Another year, another summer grounded in a bucket-list-worthy destination. New Zealand's landscape provides a vast playground for the hill-climbers, cliff-jumpers, and outdoor-recreators among us — but requires our thought and care.
Aotearoa's vistas are often described as "rugged" and "untouched", but they're quite the opposite when you're up close and personal. While our relatively remote islands may seem hearty compared to the rest of the world's degraded travel hotspots, New Zealand's landscape is in fact fragile and delicate.
Why is responsible recreation important?
While all recreation alters landscapes, recreating mindfully in our outdoor spaces can preserve them for years to come, allowing generations more to enjoy Aotearoa's beauty. With domestic travel increasing — DoC published a visitor insights report (visit bit.ly/3A1FS7q) citing that from Nov 2020-May 2021 78 per cent of New Zealanders visited one or more outdoor environments— it's more important than ever to recreate responsibly.
Whether from lack of respect for the outdoors or not understanding how to recreate sustainably, there have been cases of negative impact on the New Zealand landscape for years. From the indefinite closing of Northland's Mermaid Pools due to litter to ecological disasters intensified by human carelessness such as kauri dieback and track erosion, the effects of human carelessness can cause lasting impacts.
How to recreate responsibly
So what's a New Zealander wanting to enjoy the outdoors to do? Planning ahead and understanding the significance of the space you're in — historically, ecologically, and culturally — is a good first step.
Lynnell Greer, DoC's heritage and visitors director, says responsible recreation begins with the Tiaki Promise (tiakinewzealand.com). "DoC asks that everyone heading outdoors makes a commitment to Aotearoa by following the Tiaki Promise: protecting nature, being prepared, keeping New Zealand clean, and showing respect. Importantly, give wildlife plenty of space and never feed birds such as kea."
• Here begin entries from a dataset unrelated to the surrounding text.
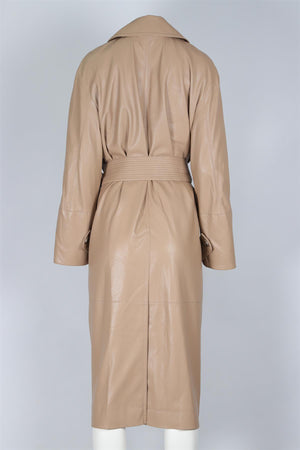 NANUSHKA BEIGE LEATHER TRENCH COAT SMALL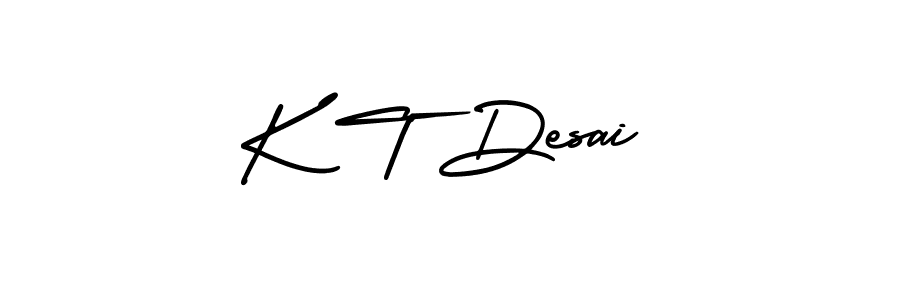 K T Desai stylish signature style. Best Handwritten Sign (AmerikaSignatureDemo-Regular) for my name. Handwritten Signature Collection Ideas for my name K T Desai. K T Desai signature style 3 images and pictures png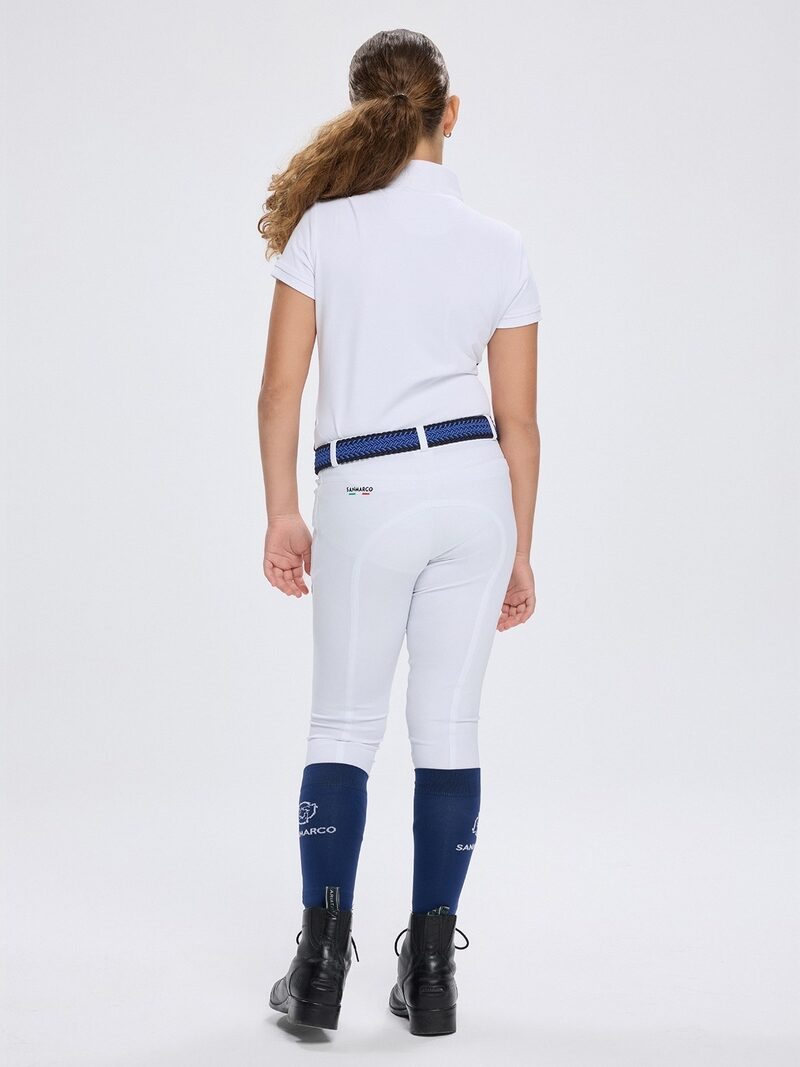 ENZA-JR WHITE/NAVY GIRL'S COMPETITION POLO SHORT SLEEVE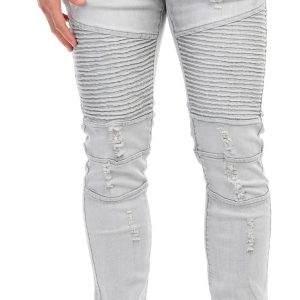 Men's Solid Moto Skinny Jeans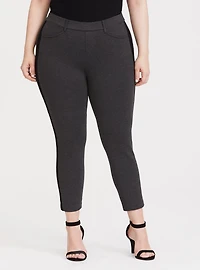Grey & Black Stripe Ponte Stretch Pull-On Pant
Other care codes, such as the seven principles of Leave No Trace (lnt.org/why/7-principles) can be applied to help walkers and trampers respect the environment and those they share it with.
On the track
Walking is one of New Zealanders' greatest pastimes, and there is no shortage of track usage projected this season. The 2021/22 Great Walk summer season is expecting a significant increase in overnight hut accommodation at each Great Walk. The Whanganui Journey jumped up 103 per cent and there was an 89 per cent increase in bookings on the Routeburn Track, according to DoC's visitor insights data.
Greer's biggest piece of advice to walkers is to check what's permitted in the area you want to head to before beginning your adventure. Understanding where dogs are allowed or where drones are banned can help keep your impact minimal and your enjoyment high. On the track, make sure to pack out any trash, use loos when available (and know what to do when not), and respect any signposted rules.
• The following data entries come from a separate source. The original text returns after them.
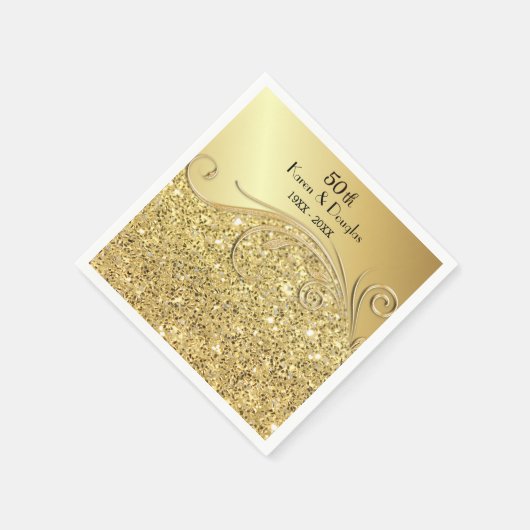 Sparkle Gold 50ste huwelijksjubileum Servet (Hoek)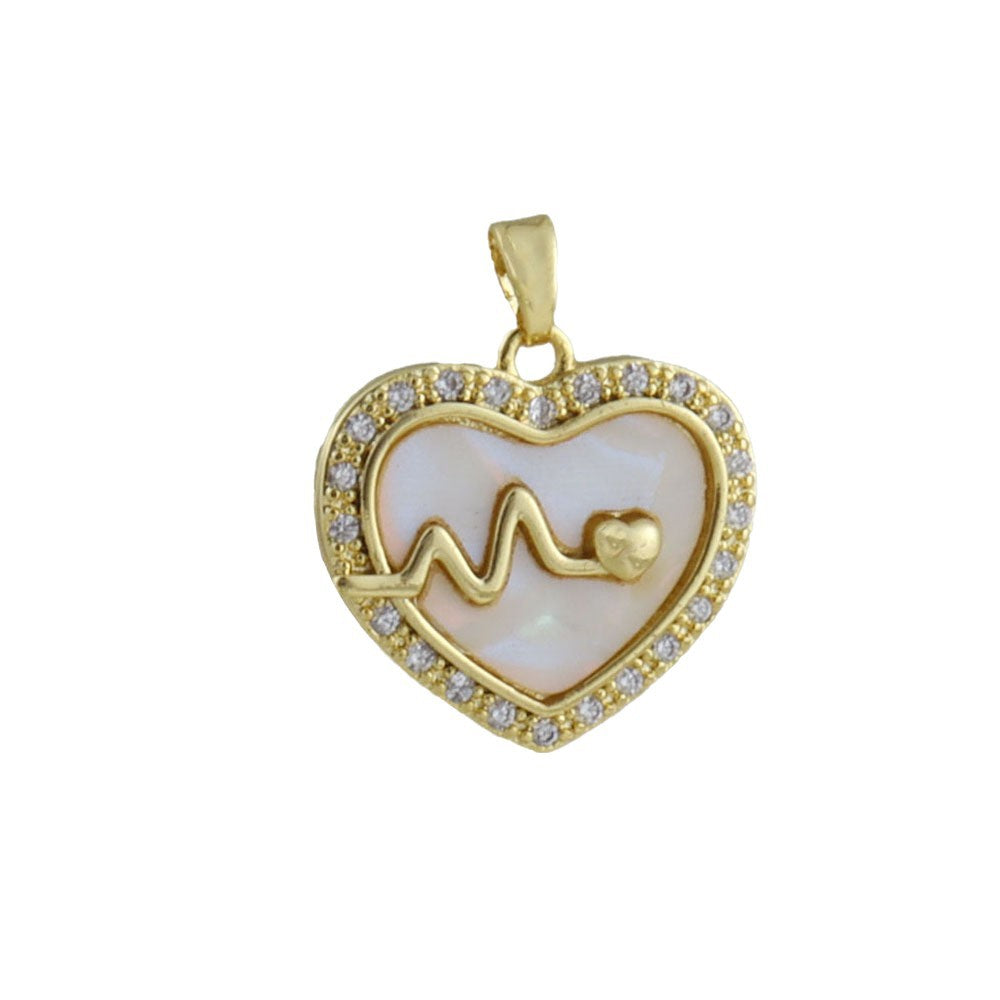 Heart Shape Copper Pendant With Real Gold Plated Electroplated Finish, Jewelry Accessory In Gold For Valentine's Day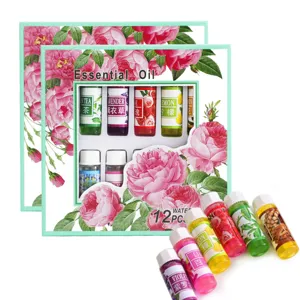 Set de 12 aceites esenciales de 5ML para humidificador fragancia de interior aroma vegetal duradero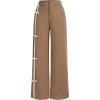 imageMakeMeChic Womens Casual Elastic Waist Wide Leg Button Straight Loose Pants Palazzo TrousersKhaki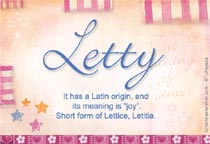 Meaning of the name Letty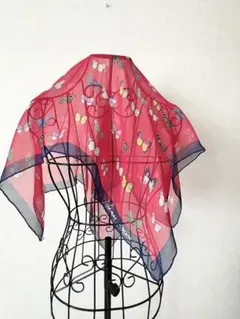 ハナエモリ HANAE MORI スカーフ蝶 バタフライ柄レッド シルク100%のサムネイル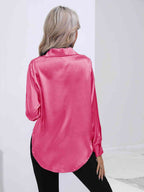 Collared Neck Buttoned Long Sleeve Shirt Trendsi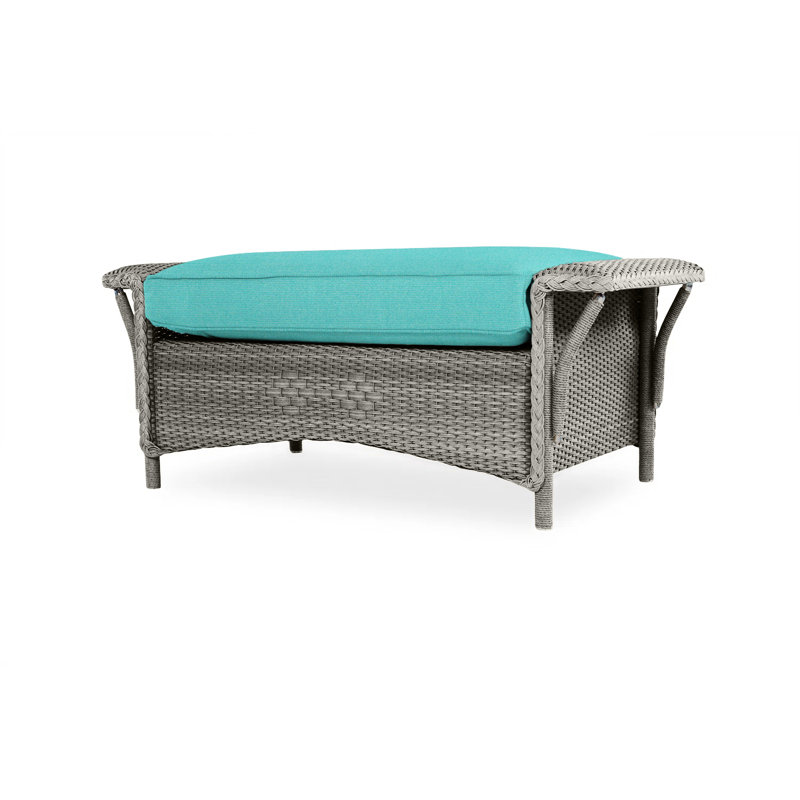 Nantucket Outdoor Ottoman, Demo Mist, Pewter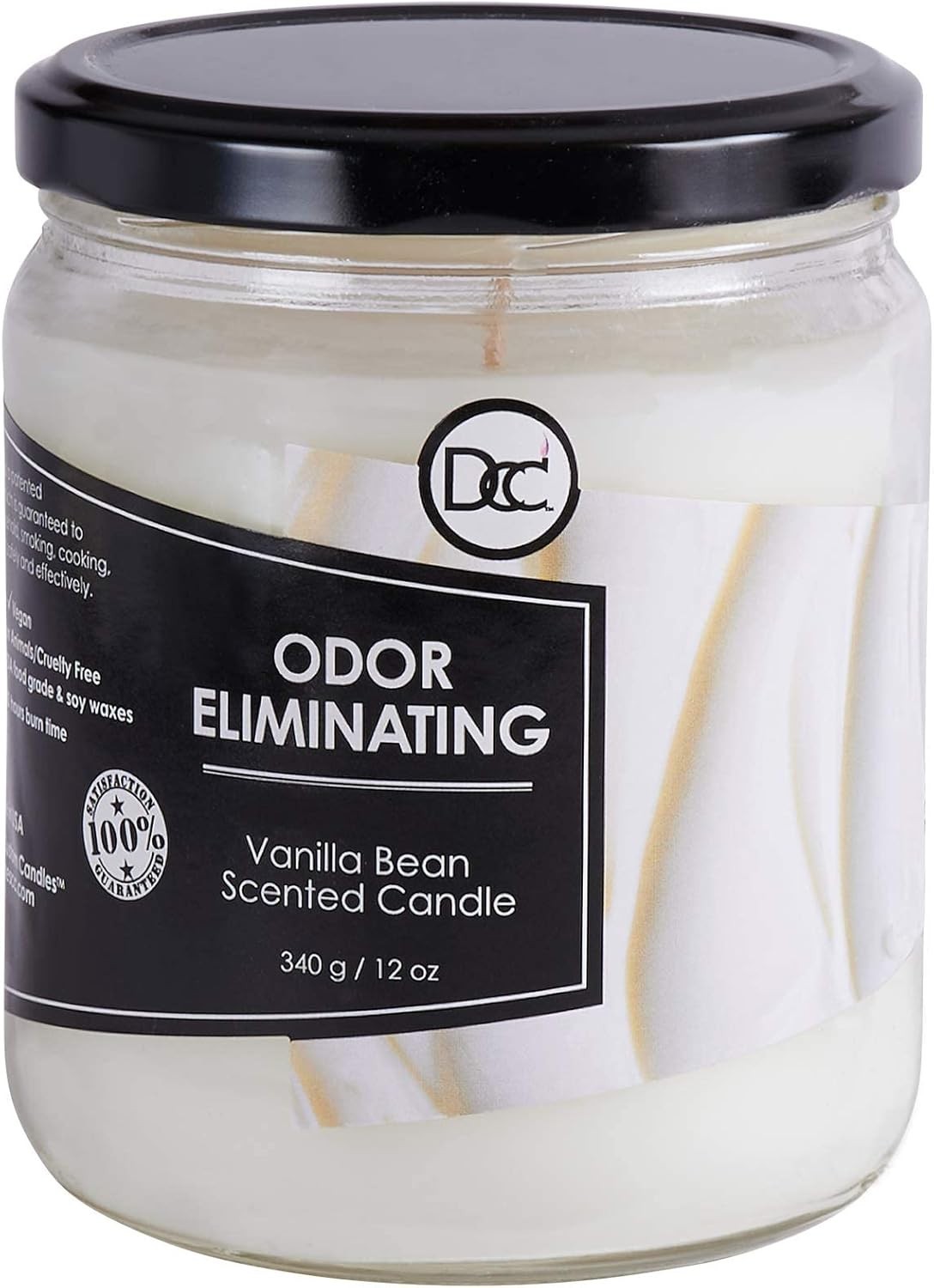 12oz Vanilla Bean Candle – 80-Hour Fragrance for Pet and Smoke Odor Elimination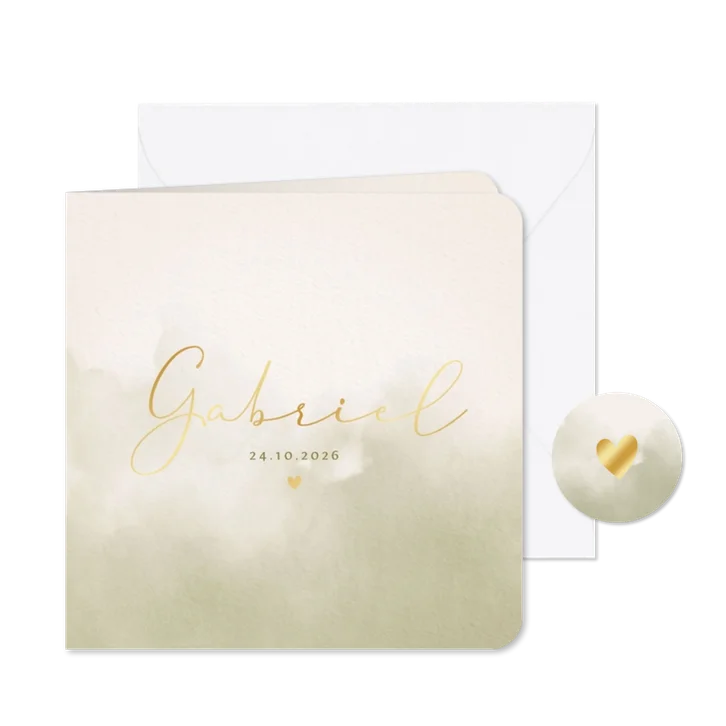 Minimalistisch geboortekaartje groene waterverf en hartje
It's also crucial to consider the weather, both for your safety and the sustainability of the track. If your activity will degrade the natural environment more in adverse weather — for example, rock faces can be damaged by climbers ascending in the rain and trails can be degraded through heavy foot traffic — it's best to save it for another day.
Beaches, coastlines, and marine reserves are our most commonly visited outdoor environments, so understanding how to interact with marine life sustainably is important. Giving seals wide berths when kayaking, giving moulting penguins space on the beach, and respecting marine reserve laws help keep these spaces wild.
With New Zealand's goal of being predator-free by 2050, it's important to play your part by packing out any trash — especially food scraps like fruit peels — as these can become food for pests.
Finally, always give wildlife their space. No up close photo is worth ruining a habitat or stressing out a bird.
Finding the road — but not the track — less travelled
Consider alternative walks and campsites to the normal hotspots. Greer explains, "DoC manages more than 14,000km of tracks across New Zealand, and with border restrictions in place, there is no shortage of quieter hidden gems to reward those who take the time to investigate first."
While the Great Walks are great, they also enjoyed the highest number of domestic users ever recorded, according to DOC's visitor insights report. If you're looking for something a little quieter, it would pay to avoid them. Study DoC's maps to find nearby, but less obvious, tracks, huts, and campsites. If you're stumped online, head to your local DoC or i-Site office for some advice.
Second, carving your own path — "social trails"— while on a track is a sustainable nightmare. These man-made tracks are worn over time by trampers looking to find the road less travelled or a shortcut. While tempting, using these tracks causes premature degradation of the surrounding landscapes, leading to track erosion, trampling of significant plants and wildlife habitats, and a generally less pretty track.
The best way to enjoy nature is to be an active participant. Unplug and take in your surroundings, while embracing the environment, wildlife, and being mindful of other recreationists around you. Caring for our unique environment while enjoying it is a surefire way to ensure there's plenty of New Zealand's natural beauty to go around for years to come.